Start of Block
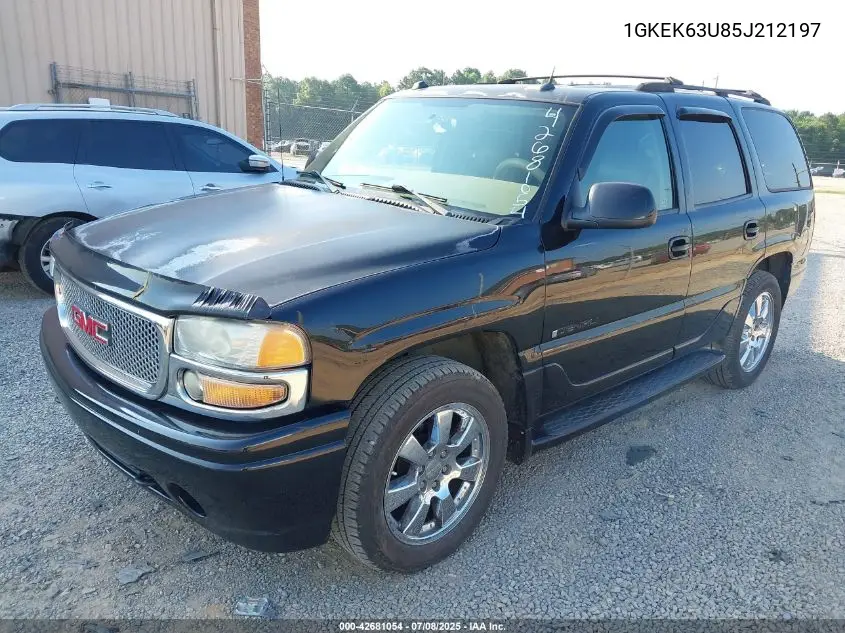 2005 GMC Yukon Denali VIN: 1GKEK63U85J212197 Lot: 42681054
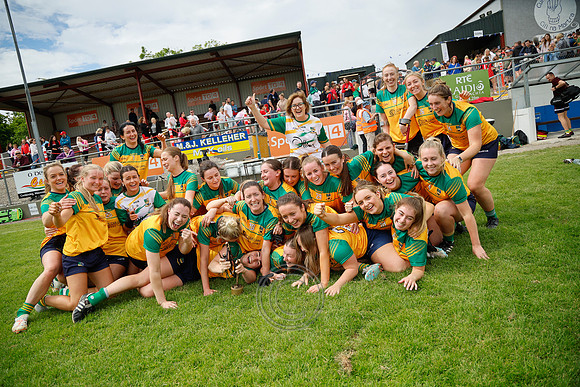 CLANN NA nGAEL V N FIONNBARRA-680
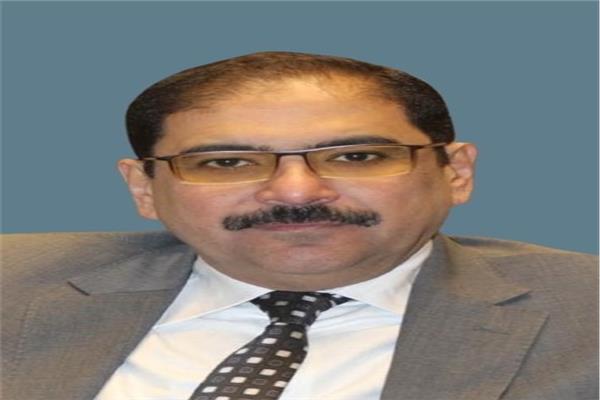  الدكتور محمود رمزي محمود فرج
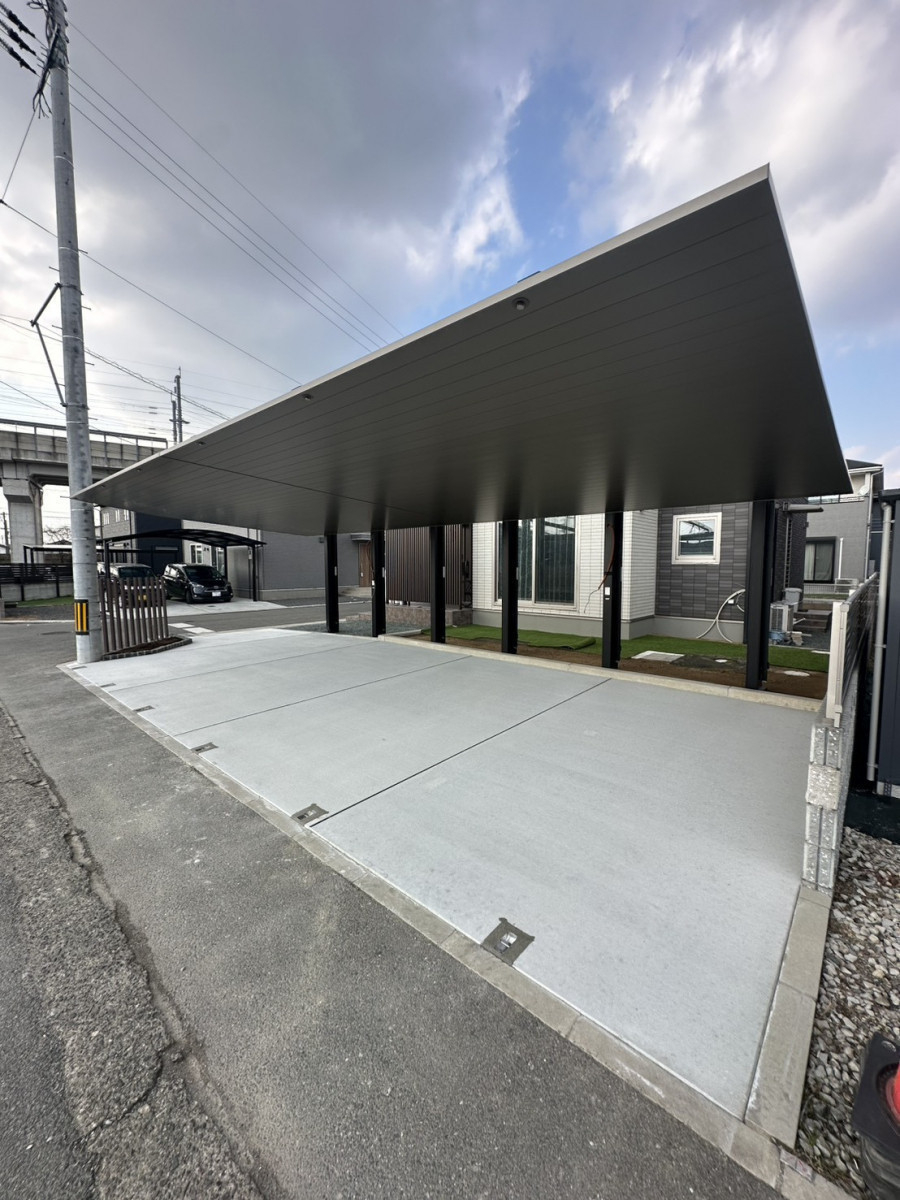 モリヤアルミの【熊本県】夏でも車内が暑くならないカーポートはいかが？の施工後の写真1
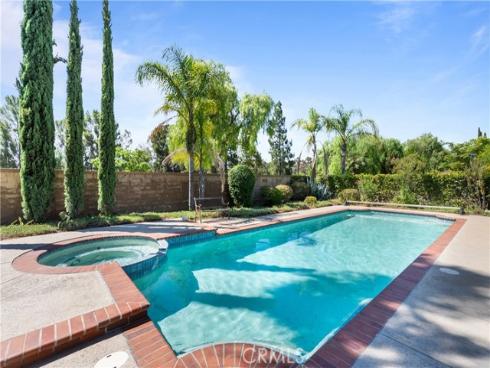 28040  Blackberry   Way, Yorba Linda, CA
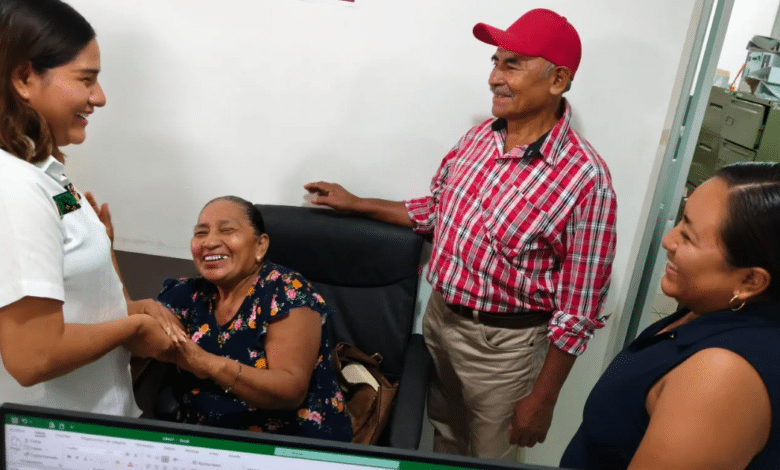 Familia artesana de Tapotzingo se une a la comunidad del IFAT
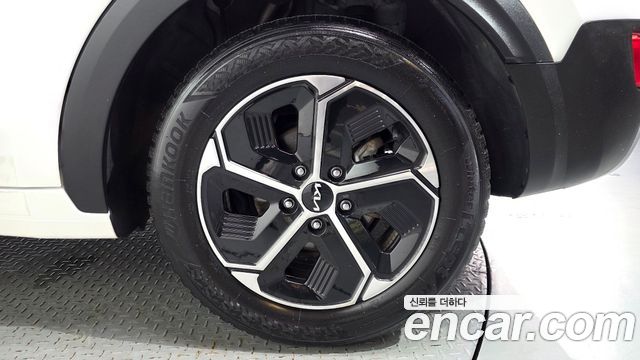 Kia Niro Prestige 2022 — фото 21
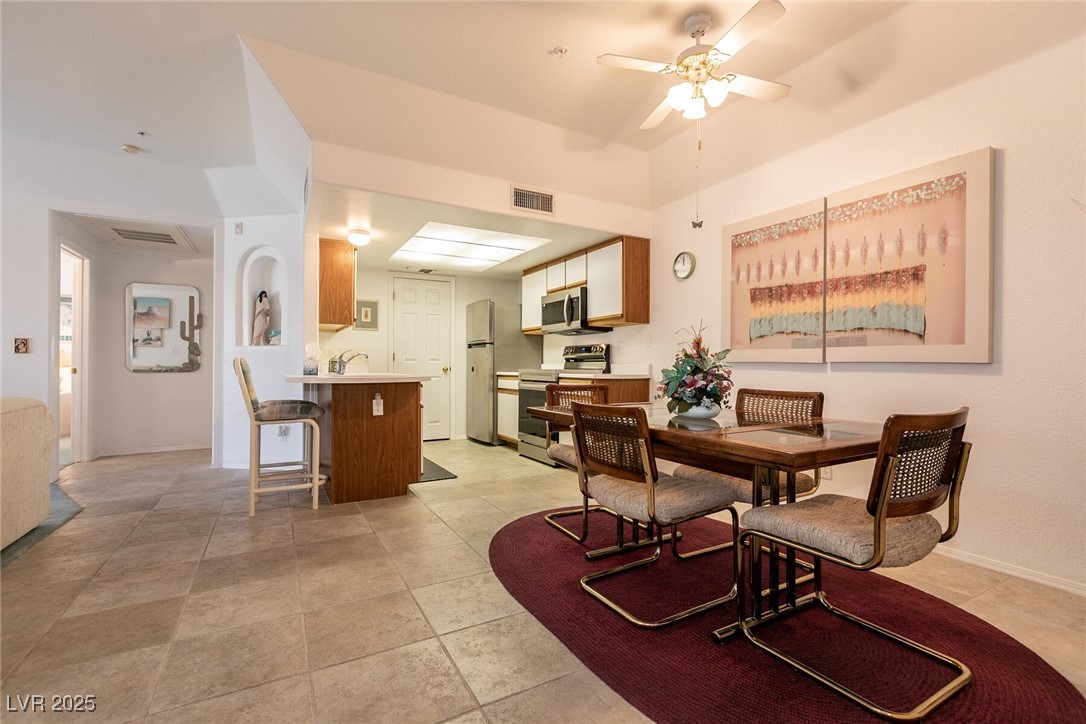 3550 Bay Sands Drive 3089 Property Photo 5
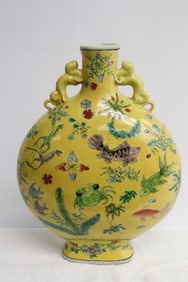 Fine Chinese yellow background porcelain flask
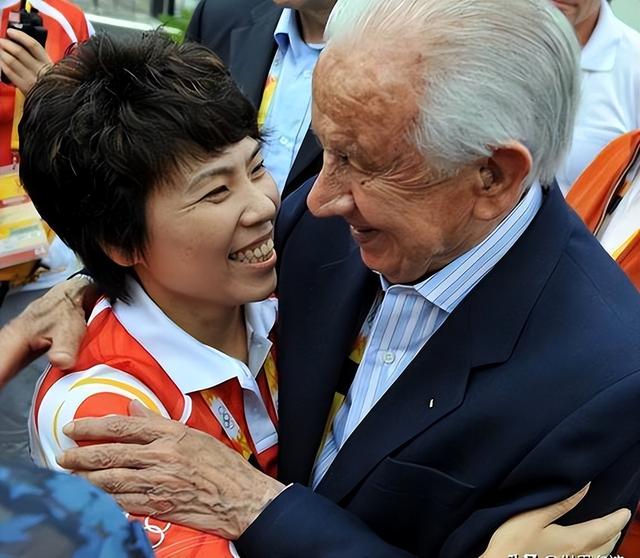 败光20亿、国籍问题、向洋人下跪，邓亚萍身上的标签到底是真是假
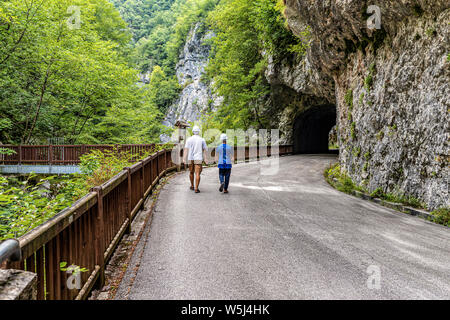 Italia Friuli Val Cellina Barcis - camino viejo de la Valcellina - Parque Natural de la Dolomiti Friulane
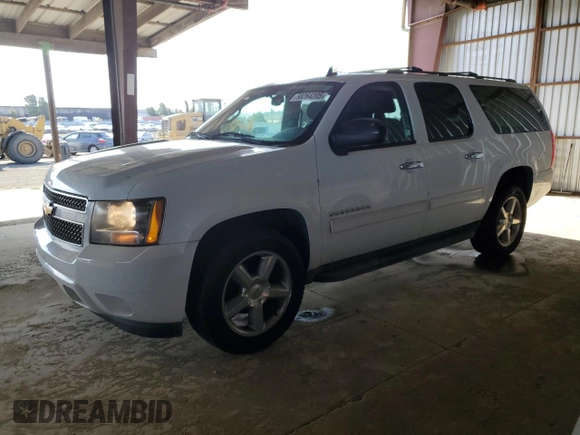 2010 Chevrolet Suburban LS z VIN 1GNUKHE37AR172317, wystawiony jako Copart lot #58264205 z przebiegiem 171 390 mil mil oraz Czysty tytuł • Clean title. Historia ofert i sprzedaży dostępna na DreamBid. Obrazek 1.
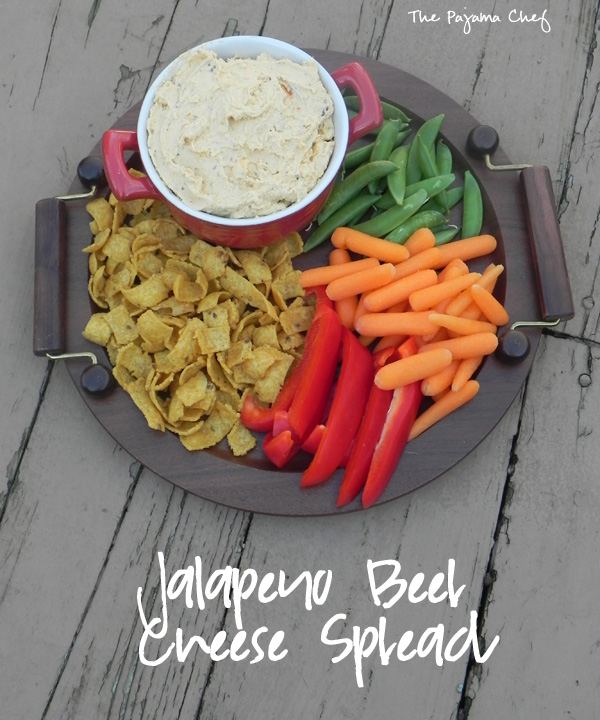 Jalapeno Beer Cheese Spread--spicy and spreadable cheese dip is a great addition to your holiday table!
End of Block
Write out, word for word, the stretch of entries that begins at the line with "Italia Friuli Val" and ends at the line with "2010 Chevrolet Suburban". Pictures do not belong in it.

**WORKED SOLUTION**
 Italia Friuli Val Cellina Barcis - camino viejo de la Valcellina - Parque Natural de la Dolomiti Friulane
 2010 Chevrolet Suburban LS z VIN 1GNUKHE37AR172317, wystawiony jako Copart lot #58264205 z przebiegiem 171 390 mil mil oraz Czysty tytuł • Clean title. Historia ofert i sprzedaży dostępna na DreamBid. Obrazek 1.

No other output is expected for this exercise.